Previous studies assessing errors and adverse events had tracked the number of events reported but had no denominator; in other words, one hospital might have 1,000 reports of adverse events and errors in a given month, while another might have 50, but there was no way to know how many adverse events had been missed and how much harm had actually occurred. But this OIG study dug deeper, conducting in-depth year-long reviews led by independent physicians to first identify the rates of harm, then returning to the hospitals in the study where they knew harm had occurred to find out if incidents had been reported or not.

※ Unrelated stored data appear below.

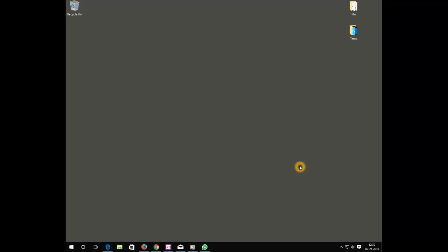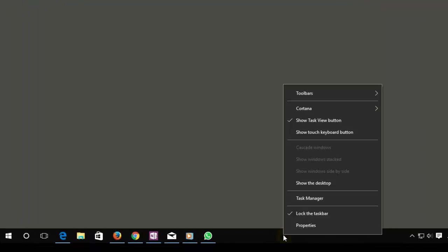Hi, welcome to TechBoards. In this video I would like to show you how you can move your taskbar. Let's get started. You can do it in two ways. The first one is to right-click on your taskbar.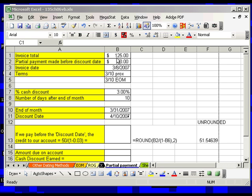You owe $125. The discount date is 4/10. And you're sending in only $50 before 4/10. What that means is you're only paying part of your account.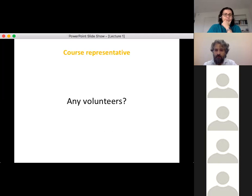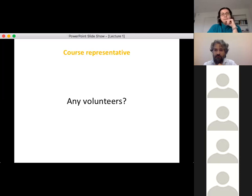We'll take a break now and reconvene at 11. If you have questions, I'll still be here. See you in 15 minutes.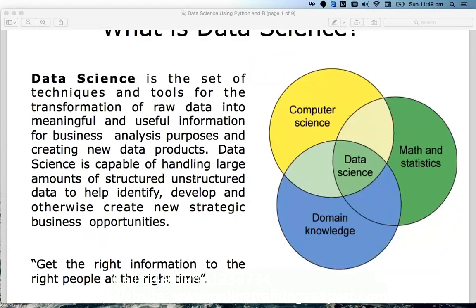Let us see how to become a data scientist. Data science is a set of techniques and tools for the transformation of raw data into meaningful, useful information for business purposes. Most companies right now — whether in the US or European countries — are depending on artificial intelligence for decision making. AI is highly relevant to data science: we use huge amounts of historical data to produce insights. We process and analyze historical data, apply statistical algorithms, do data mining, and get insights from it.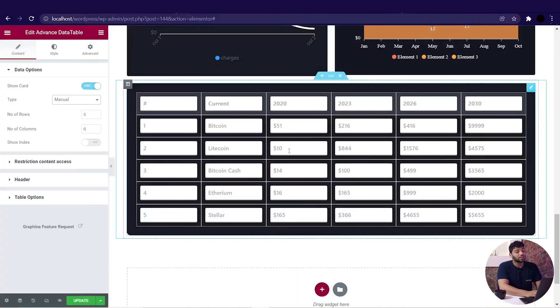We have earlier discussed what dynamic data is and how to use common data sources. In this video, we will see how to convert your data tables from manual data to dynamic data. Let's get into this — open Graphina and select the data table where you want to display your data.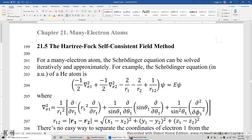Section 21.5: the Hartree-Fock self-consistent field method. For many-electron atoms such as helium, lithium, and beryllium, the Schrödinger equation can be solved iteratively and approximately using the self-consistent field method.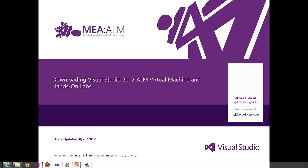Hello, my name is Ahmad Darassad and today I'm going to show you how to download Visual Studio 2012 Application Lifecycle Management, Virtual Machine, and Hands-On Labs.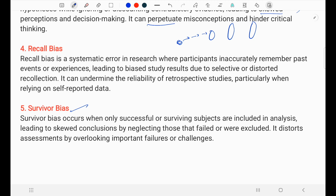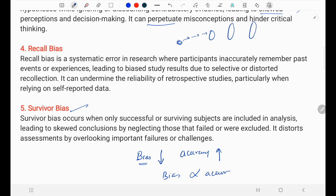These are the five types of bias. In data analysis and data science, we have to reduce bias as much as possible. If bias is less, the accuracy will be high. Bias is inversely proportional to the accuracy of the model. You guys have a great day.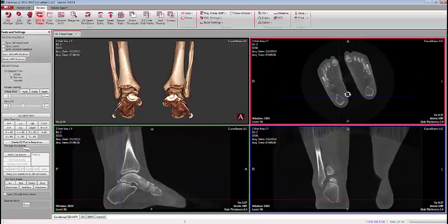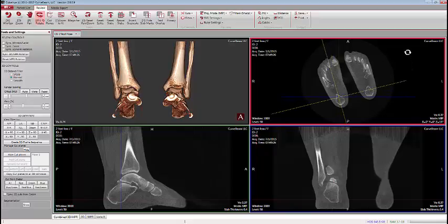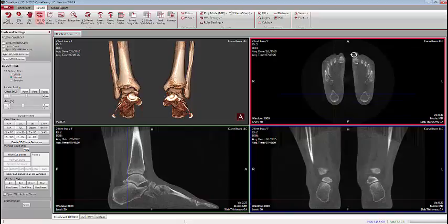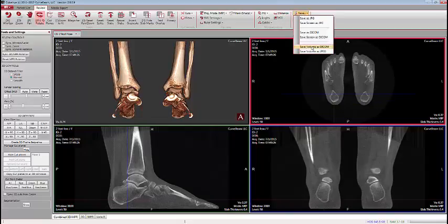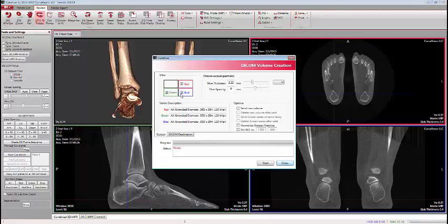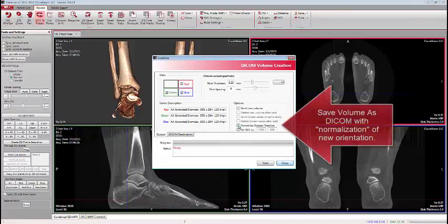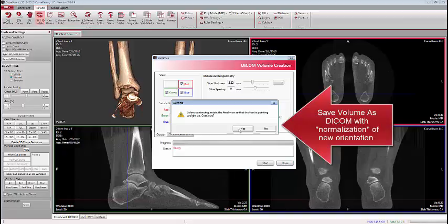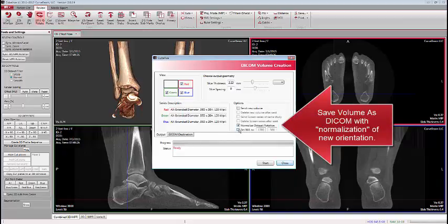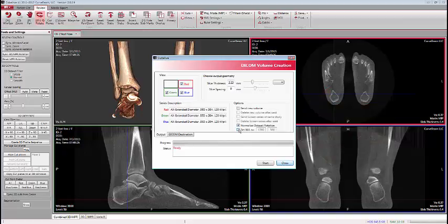Sometimes when we scan a patient, we find that the feet may not be correctly oriented to give us the correct viewing angle in our reformats or slices sent out to a PACS. After we make the correction to bring everything back into proper orientation, we can save the volume as DICOM, select the plane we want, then select Normalize Data Set Rotation. This will send out a new volume where the corrected orientation — with the toes pointing straight up — is now the default orientation for that data set.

Overall, the inspector general estimated that more than 130,000 Medicare beneficiaries experienced one or more adverse events in hospitals in a single month. Perhaps one of the most surprising findings: Even some of the most serious, egregious adverse events were not reported. Of the 12 deaths in the sample that were iatrogenic, only two were actually reported as errors. More serious errors were no more likely to be captured as errors than mild reactions like breaking out in hives caused by a medication.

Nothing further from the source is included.